There is a need for methods and compositions useful for managing metal-containing scale deposits on metal surfaces.

SUMMARY

Embodiments described herein provide compositions and methods for managing scale that deposits on well production equipment.

In one aspect, a method is provided for removing materials from an apparatus surface. The method includes contacting an aqueous dissolver solution including a dissolver having the formula [C]⁺[A]⁻, with the apparatus surface having a metal containing scale and maintaining contact between the aqueous dissolver solution and the metal containing scale for a duration selected to remove at least a portion of the scale. In the formula [C]⁺[A]⁻, the [C]⁺ includes ions from Groups 1, 2, 8, 12, 13, or combinations thereof. [A]⁻ includes at least nitrate ions, preferably nitrate ions.

In one aspect, a method is provided for removing materials from metal surfaces. The method includes circulating an aqueous dissolver solution through a wellbore having one or more metal surfaces having metal containing scale, wherein the aqueous dissolver solution comprises a dissolver having the formula [C]⁺[A]⁻, and [C]⁺ comprises ions from Groups 1, 2, 8, 12, 13, or combinations thereof, and [A]⁻comprises nitrate ions, maintaining contact between the aqueous dissolver solution and the metal containing scale for a duration selected to remove at least a portion of the scale, and recirculating at least a portion of the aqueous dissolver solution through the wellbore one or more times.

In another aspect described herein, a method is provided including applying an aqueous dissolver solution comprising nitrate ions, aluminum ions, or both, to a metal surface having a metal containing scale, and maintaining contact between the dissolver solution and the scale for a duration selected to remove at least a portion of the scale.

DETAILED DESCRIPTION

This patent application describes inventive methods and compositions, including embodiments thereof. As used herein, “embodiments” refers to non-limiting examples disclosed herein, whether claimed or not, which may be employed or present alone or in any combination or permutation with one or more other embodiments.

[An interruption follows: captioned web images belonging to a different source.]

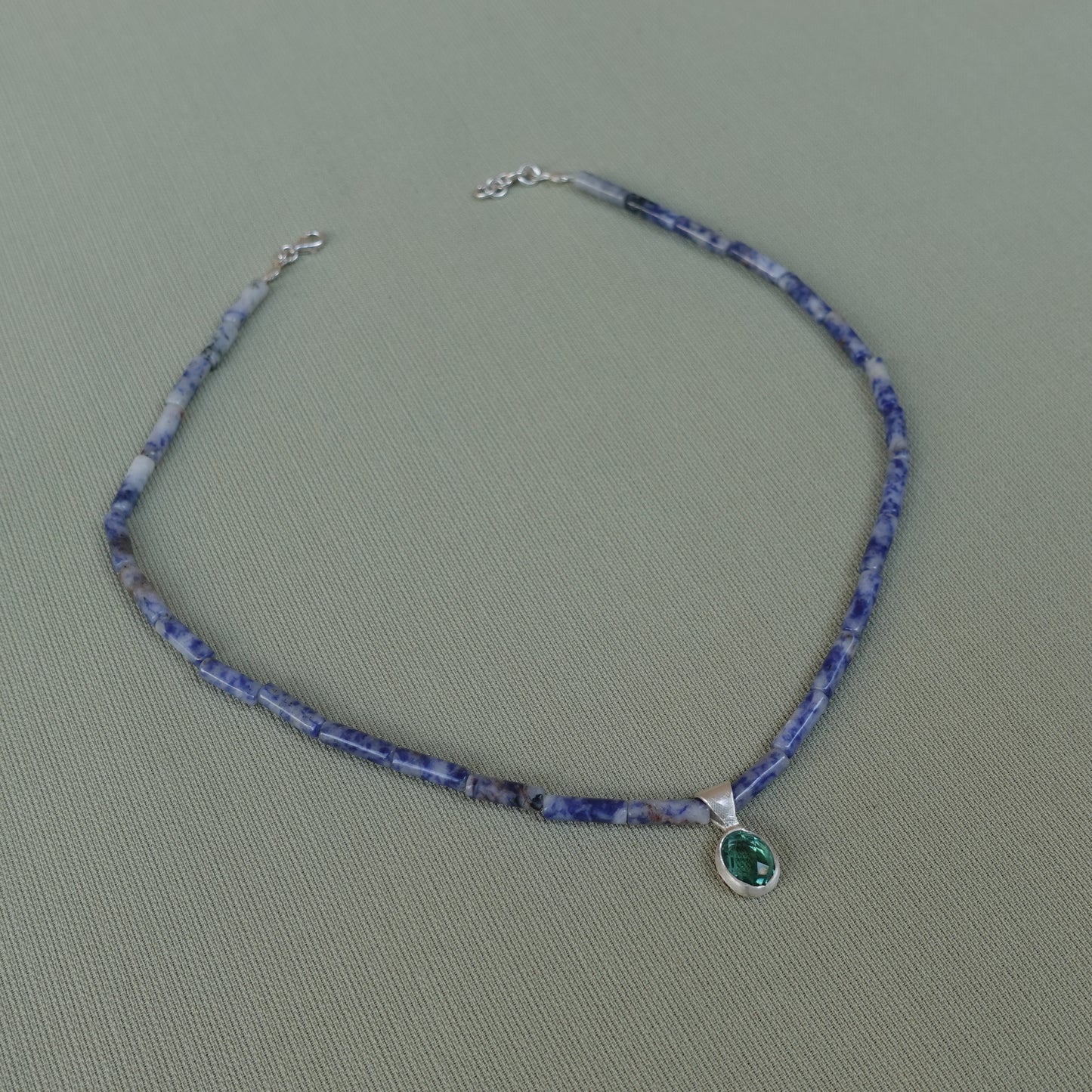 Aegean / Ege — Sodalit & Yeşil Topaz Kolye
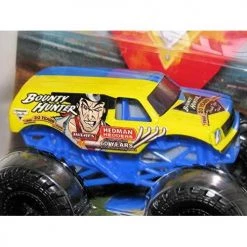 Toy Choo Choo Monster Jam 2020 Spin Master 1:64 Diecast Monster Truck With Wristband: World Finals Bounty Hunter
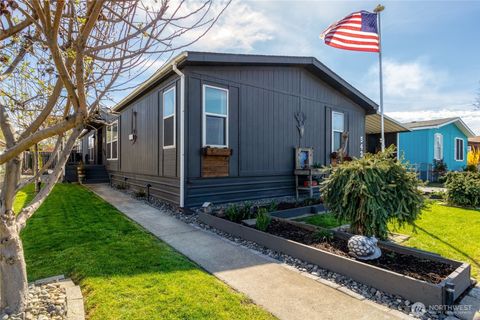 Photo of 542 NE Fleetwood Avenue, College Place, WA 99324 (MLS # 2503421)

Each embodiment disclosed herein should be regarded both as an added feature to be used with one or more other embodiments, as well as an alternative to being used separately or in lieu of one or more other embodiments. It should be understood that no limitation of the scope of the claimed subject matter is thereby intended, any alterations and further modifications in the illustrated embodiments, and any further applications of the principles of the application as illustrated therein would normally occur to one skilled in the art to which the disclosure relates are contemplated herein.

In the following description, numerous details are set forth to provide an understanding of some embodiments of the present disclosure. It is to be understood that the following disclosure provides many different aspects, or examples, for implementing different features of various embodiments. Specific examples of components and arrangements are described below to simplify the disclosure. These are, of course, merely examples and are not intended to be limiting. However, it will be understood by those of ordinary skill in the art that the system and/or methodology may be practiced without these details and that numerous variations or modifications from the described aspects are possible. This description is not to be taken in a limiting sense but rather made merely for the purpose of describing general principles of the implementations. The scope of the implementations described should be ascertained with reference to the claims issued.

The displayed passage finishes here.